### Data extract ###
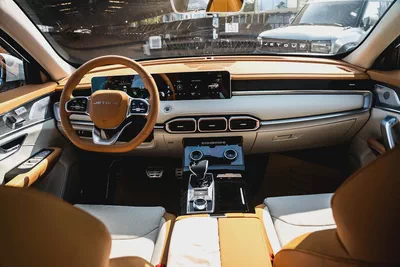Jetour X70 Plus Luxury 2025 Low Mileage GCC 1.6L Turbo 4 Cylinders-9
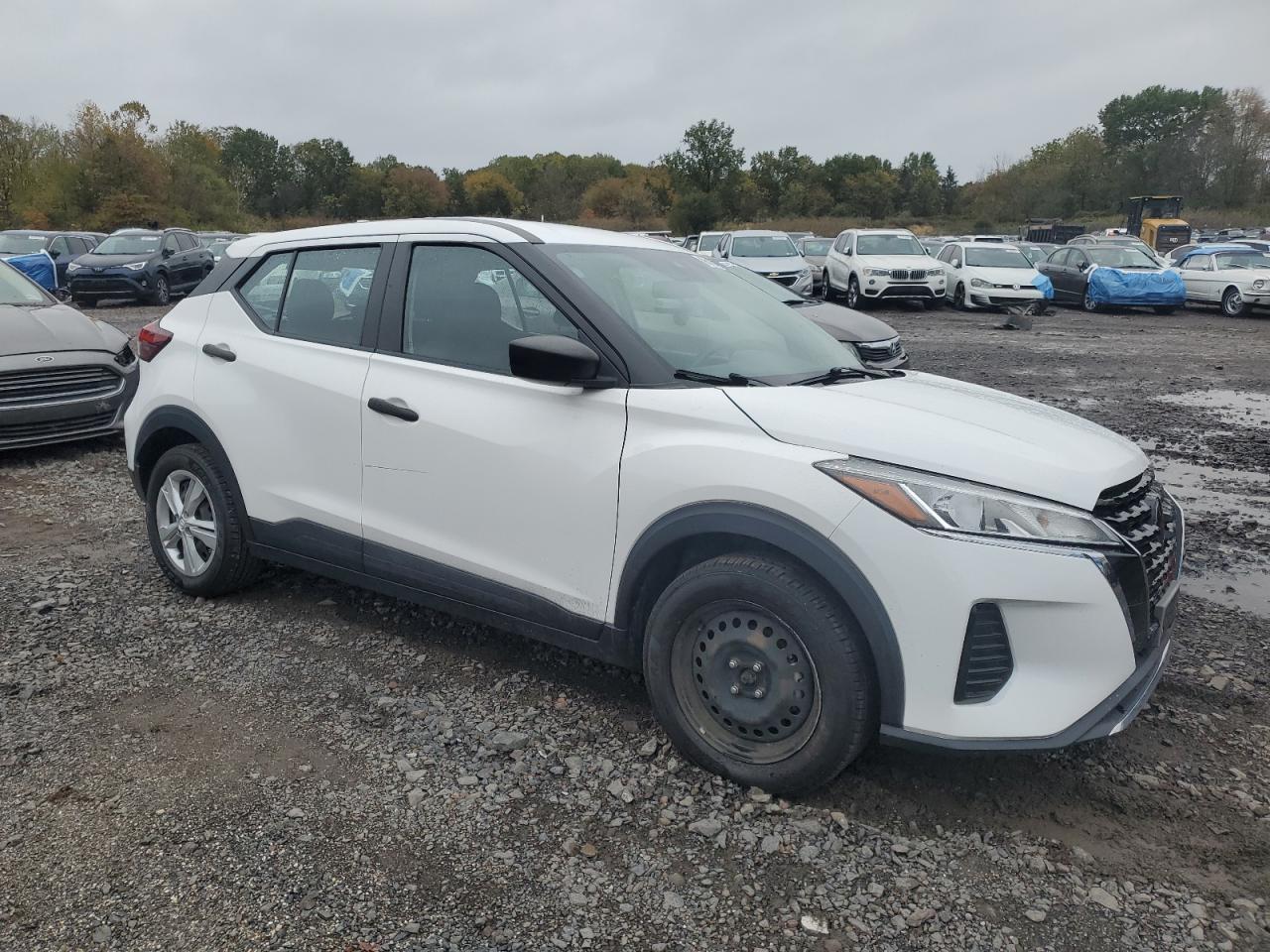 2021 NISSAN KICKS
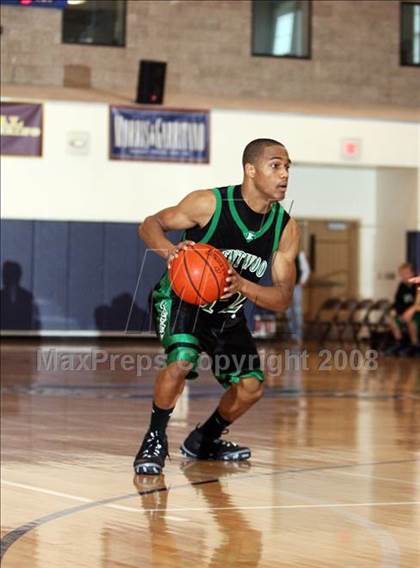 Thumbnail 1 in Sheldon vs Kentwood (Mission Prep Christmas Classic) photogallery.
###
— The task —
Each line above should be returned exactly as written, apart from any pictures.

— Reply to the exercise —
Jetour X70 Plus Luxury 2025 Low Mileage GCC 1.6L Turbo 4 Cylinders-9
 2021 NISSAN KICKS
 Thumbnail 1 in Sheldon vs Kentwood (Mission Prep Christmas Classic) photogallery.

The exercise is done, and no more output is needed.